Because of the large size of the sequenced data, MGS dictates the use of computational tools to analyze the fragmented sequences, measure the length of the covered genome and provide a taxonomical assignment. Previously, NCBI BLAST was used to perform this task but as the size of the sequencing dataset increased over time, other tools that are faster and more efficient than BLAST were developed. Many of these tools are publically available for use. Broadly, these tools can be divided in those that use all available sequences (e.g., GOTTCHA [16], LMAT [14], Kraken [17, 22]) and those that utilize a set of marker genes (e.g., MetaPhlAn2 [15]). GOTTCHA is a gene-independent and signature-based method which employs a database of unique 24 base pair (bp) fragments for generating a taxonomic profile. In contrast, LMAT and Kraken rely on exact k-mer (sequence fragments of length “k”) matches, instead of alignments. Kraken uses a default k of 31 whereas LMAT has a default k of 20. This difference in k-mer length is significant since in general, long k-mers may be more specific and short k-mers more sensitive. Also, Kraken assigns the matched k-mer to the lowest common ancestor (LCA), while LMAT stores the source genome instead of LCA. Therefore k-mers assigned to a particular taxon may vary depending on the tool used. Kraken 2 is a newer version of Kraken (default k of 35) with faster database build times, smaller database sizes, and faster classification speeds. MetaPhlAn2 uses clade-specific marker genes for taxonomical profiling. Since only genes are assigned, the process is faster than mapping reads to an entire genome [23]. The unique characteristics of these computational tools make it necessary to use multiple methods when analyzing samples for uncommon organisms.
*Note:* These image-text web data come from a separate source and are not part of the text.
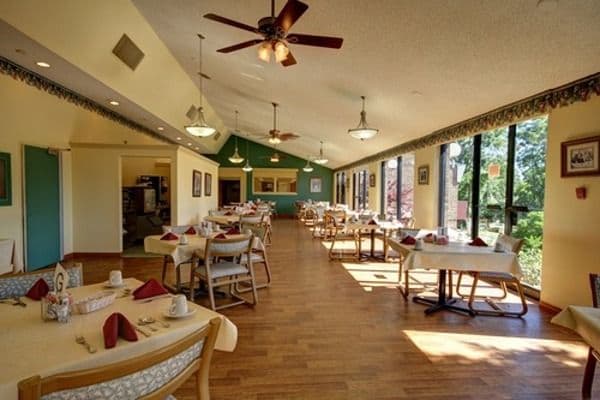 Hillside Terrace - Gallery Image 6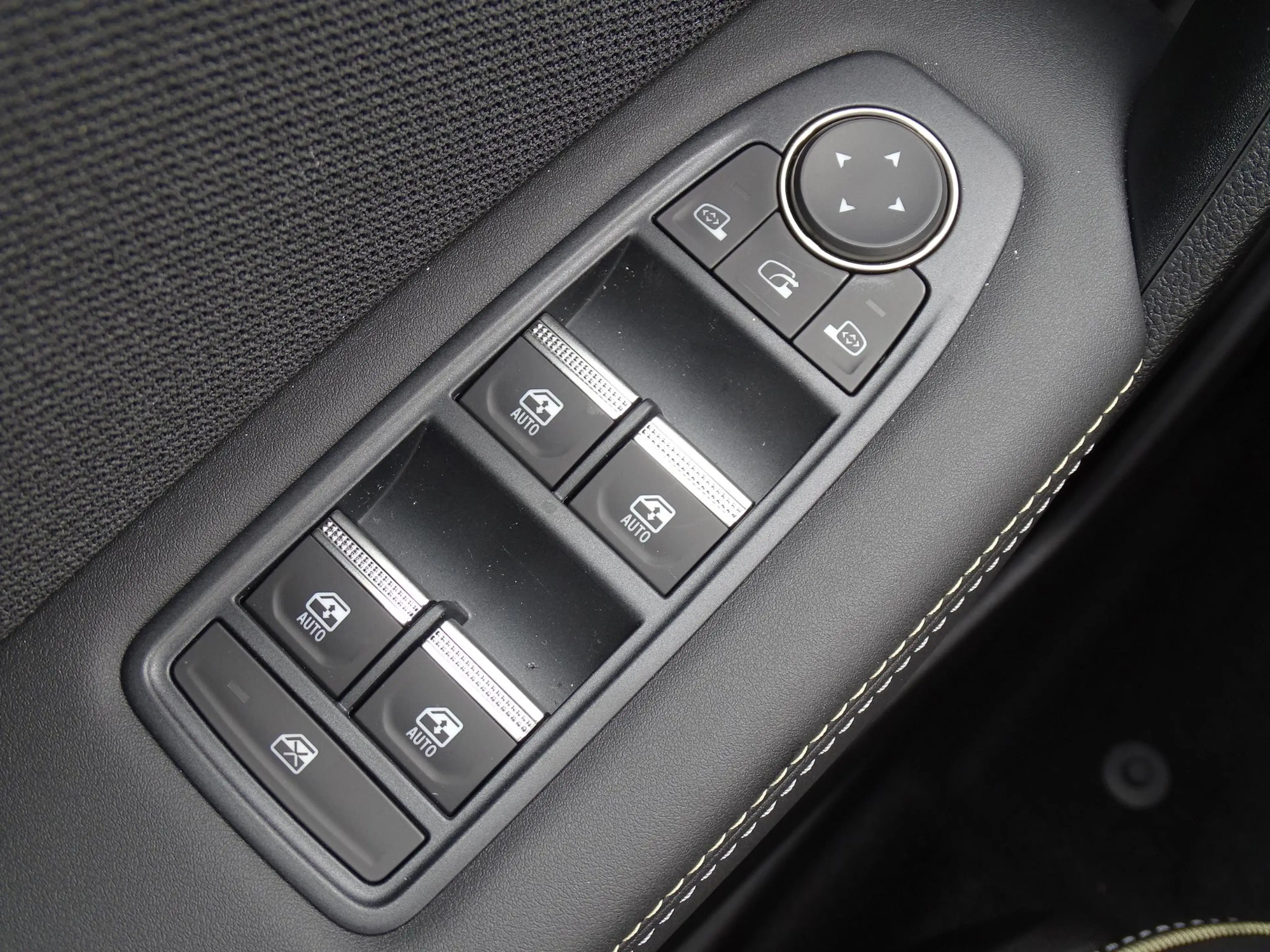 Renault Symbioz 1.8 E-Tech full hybrid 160 iconic | Harman & Kardo — photo 23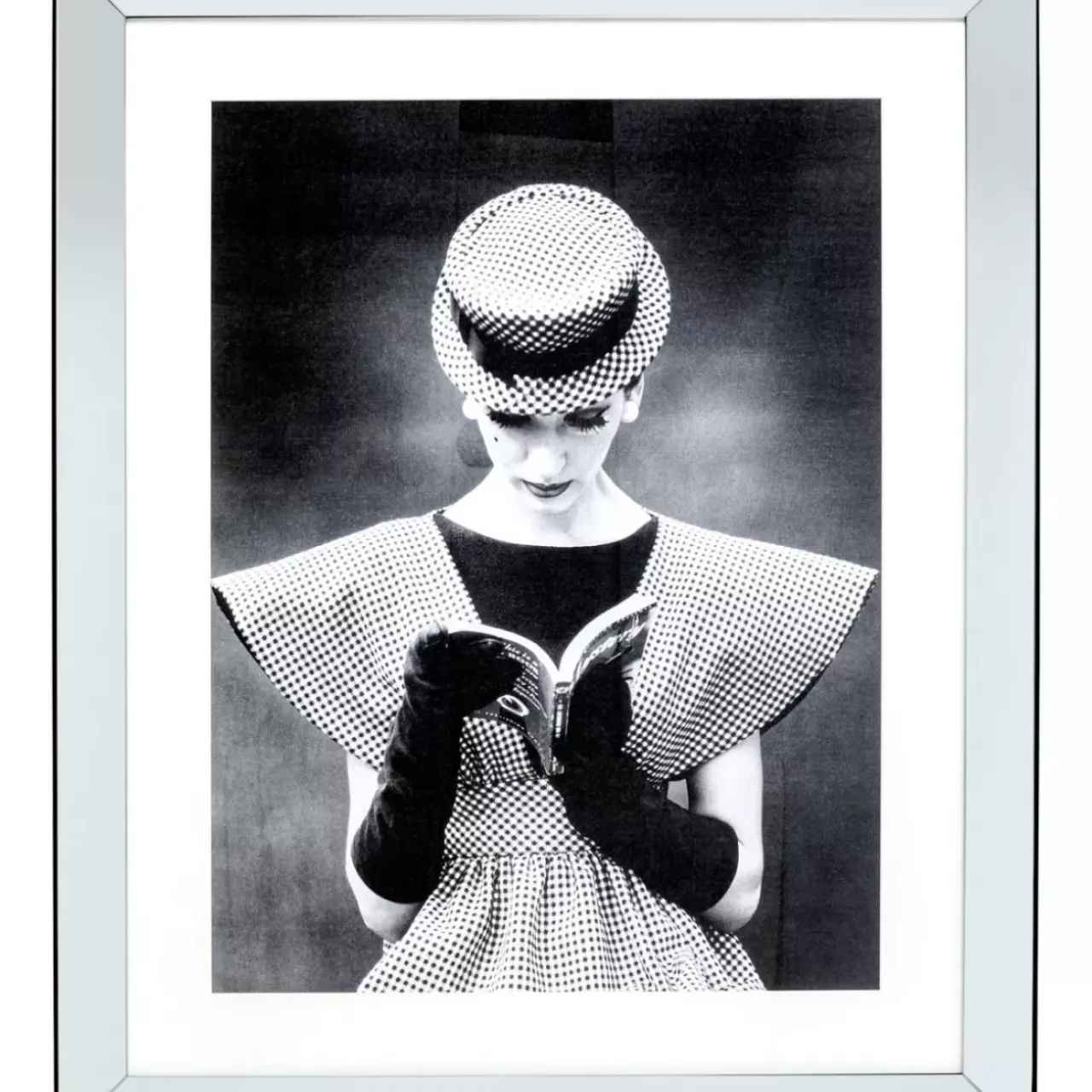 Bilder-KARE Design Gerahmtes Bild Reading Beauty 85X105Cm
As we demonstrate in this study, organisms that have whole genome sequences available from multiple strains are likely to be picked up by most analytic tools, whereas uncommon microbes that are yet to be fully sequenced render analysis more challenging. At the species level, GOTTCHA, LMAT, MetaPhlAn2 and Kraken 2 were able to detect 5, 4 (missed B. microti), 3 (missed B. microti, P. falciparum-2) and 5 organisms out of the 8 samples, respectively. Notable is the discrepancy between the reads attributed to P. falciparum by Kraken 2 (n = 92,711) versus 17,849 read by GOTTCHA-Protozoa. GOTTCHA, which is alignment based, generally returns fewer hits than kmer based tools like Kraken 2. M. perstans, E. chaffeensis and one sample with A. phagocytophilum were missed by all four tools. Besides lack of sequence data in the databases (the M. perstans sample), other reasons why organisms were missed could be low load of the pathogen (the A. phagocytophilum sample had a crossing point of >40 cycles and the E. chaffeensis sample had a crossing point of 35 cycles), loss of DNA as a result of prolonged storage (the M. perstans sample) or loss of DNA during processing (enrichment and/or extraction).

Although M. perstans was not detected by any of the analytic tools initially, analysis of the cytochrome c oxidase subunit I amino acid sequence suggested that the genetic material of the filarial worm was in fact present in the final analyzed sequence but was not detected due to the absence of M. perstans genomic sequence in the databases utilized. To further test this hypothesis, we queried the cytochrome c oxidase sequences of Babesia and Plasmodium species against all our samples and found that we were able to match sequences to the specimens harboring these species, with little cross-detection (Table 3). Targeting mitochondrial genes is a potential method to detect eukaryotic organisms in cases where insufficient whole genomic sequence information is available.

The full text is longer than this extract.